J'ai 15 ans d'expérience dans la santé. Ma formation universitaire m'a donné un discernement clinique, une pensée systémique, la capacité à prendre des décisions sous pression et une rigueur méthodologique. Ensuite, j'ai fait soyHenry pour apprendre les outils modernes du développement.
Le résultat ? Quand un client du secteur santé me parle de son problème, je le comprends à un niveau viscéral. Quand nous avons développé Segimed, je savais comment fonctionne un cabinet médical, ce dont un médecin a besoin, ce qui frustre un patient. Aucun bootcamp de 4 mois ni aucune licence en systèmes ne m'aurait donné ça.
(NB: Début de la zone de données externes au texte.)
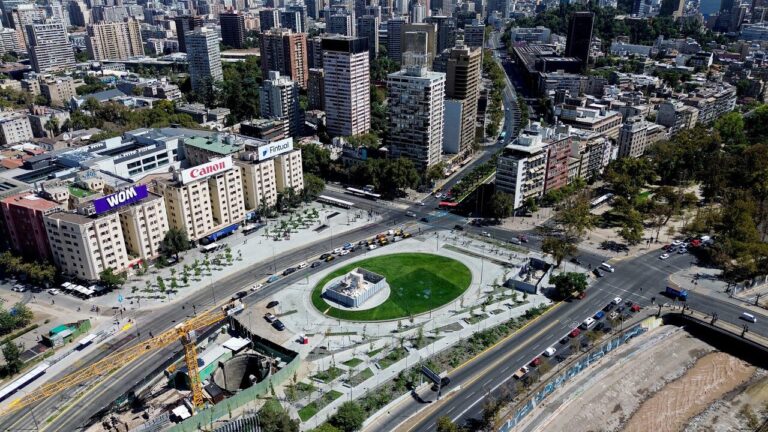 Así es el recién inaugurado proyecto Nueva Alameda Providencia: Tendrá 8.750 metros cuadrados de áreas verdes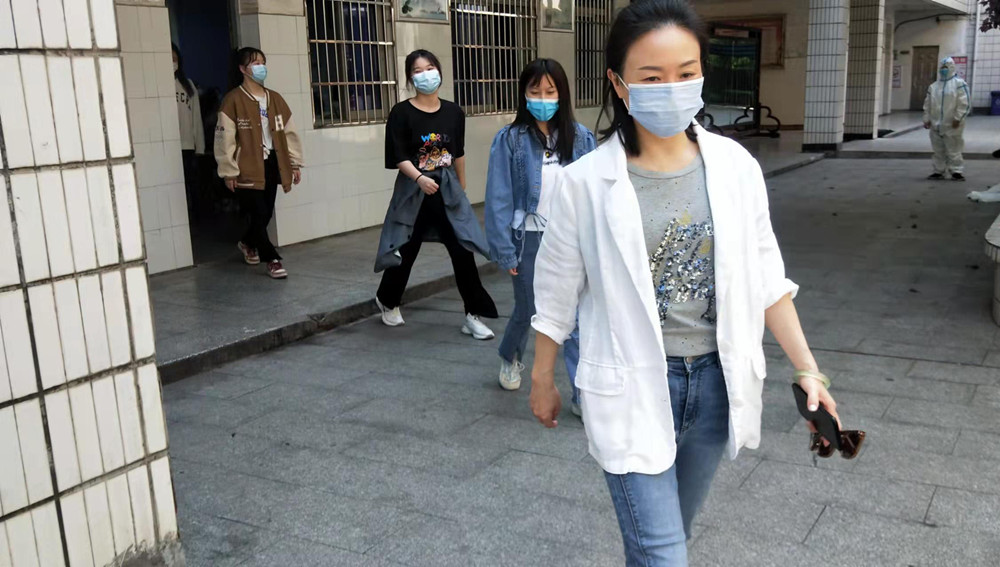 抓好防疫實戰(zhàn)演練 筑牢校園安全防線 ——衡陽幼師藝校校區(qū)舉行疫情防控應急演練活動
L'expérience dans un autre métier n'est pas un détour — c'est un avantage concurrentiel. Si vous étiez comptable, vous comprendrez mieux les problèmes de facturation de votre client qu'un développeur "pur". Si vous étiez enseignant, vous concevrez mieux les interfaces d'e-learning. Si vous travailliez dans la logistique, vous comprendrez mieux les flux d'un système de gestion des stocks.
Mes recommandations
Il n'y a pas qu'un seul chemin. Mais si on me demande :
Si vous voulez entrer rapidement sur le marché : faites un bootcamp (soyHenry, Plataforma 5, Digital House). Vous serez opérationnel et trouverez du travail. Mais ne vous arrêtez pas là — approfondissez par vous-même les fondamentaux.
Si vous avez le temps et les moyens : suivez une formation académique. Pas besoin d'une licence en ingénierie systèmes de 6 ans. Une technicienne en programmation, des cours universitaires ponctuels en algorithmes, bases de données ou réseaux. L'UTN, l'UBA et d'autres universités nationales proposent des options accessibles.
Si vous venez d'un autre métier : ne le voyez pas comme du temps perdu. Cette expérience est ce qui vous différenciera sur un marché où tout le monde sait React, mais où peu comprennent le métier du client.
Dans tous les cas : travaillez sur des projets réels le plus tôt possible. Ni le bootcamp ni l'université ne remplacent l'expérience de devoir livrer un projet à un client avec un serveur en production qui ne doit pas planter.
Conclusion
Les bootcamps sont une porte d'entrée légitime et rapide. L'université donne du discernement, une vision globale et un langage formel. Ils ne sont pas en concurrence — ils sont complémentaires.
Le bootcamp vous apprend à construire. L'université vous apprend à penser. L'expérience professionnelle précédente vous apprend à comprendre les problèmes. Ensemble, les trois forment le meilleur développeur possible.
La pire chose que vous puissiez faire est de penser qu'un seul suffit. Continuez toujours à apprendre.
Par Esteban Aleart, Fondateur et Lead Engineer de PairProgramming. Ancien élève de soyHenry, 15 ans dans la santé, et convaincu que le meilleur code est écrit par des personnes dotées d'un esprit critique formé à travers plusieurs disciplines.
FAQ
Est-ce que ça vaut le coup de faire un bootcamp de programmation en 2026 ?
Oui, en tant que porte d'entrée. Un bootcamp comme soyHenry vous donne les compétences pratiques pour décrocher votre premier emploi en quelques mois. Cependant, je recommande de compléter avec une formation académique (technicienne ou cours universitaires) pour acquérir des fondamentaux solides et un vrai discernement technique.
Un bootcamp peut-il remplacer une université pour devenir programmeur ?
Non. Ils sont complémentaires. Le bootcamp apprend à construire rapidement avec des outils modernes. L'université enseigne les bases (algorithmes, architecture, pensée systémique) qui vous permettent de prendre de meilleures décisions techniques et de vous adapter quand les outils changent.
Peut-on changer de carrière pour la programmation après 30 ans ?
Absolument. J'ai fait ce changement après 15 ans dans le secteur de la santé. L'expérience professionnelle précédente n'est pas un fardeau — c'est un avantage concurrentiel. Comprendre un domaine métier de l'intérieur fait de vous un meilleur développeur que quelqu'un qui ne connaît que le code.
Quel bootcamp de programmation recommandez-vous en Argentine ?
Notre fondateur est diplômé de soyHenry et a eu une bonne expérience. D'autres options intéressantes incluent Plataforma 5 et Digital House. L'important est de choisir un programme avec des projets pratiques, du pair programming et un accompagnement post-diplôme. Mais je réitère : complétez avec une formation académique.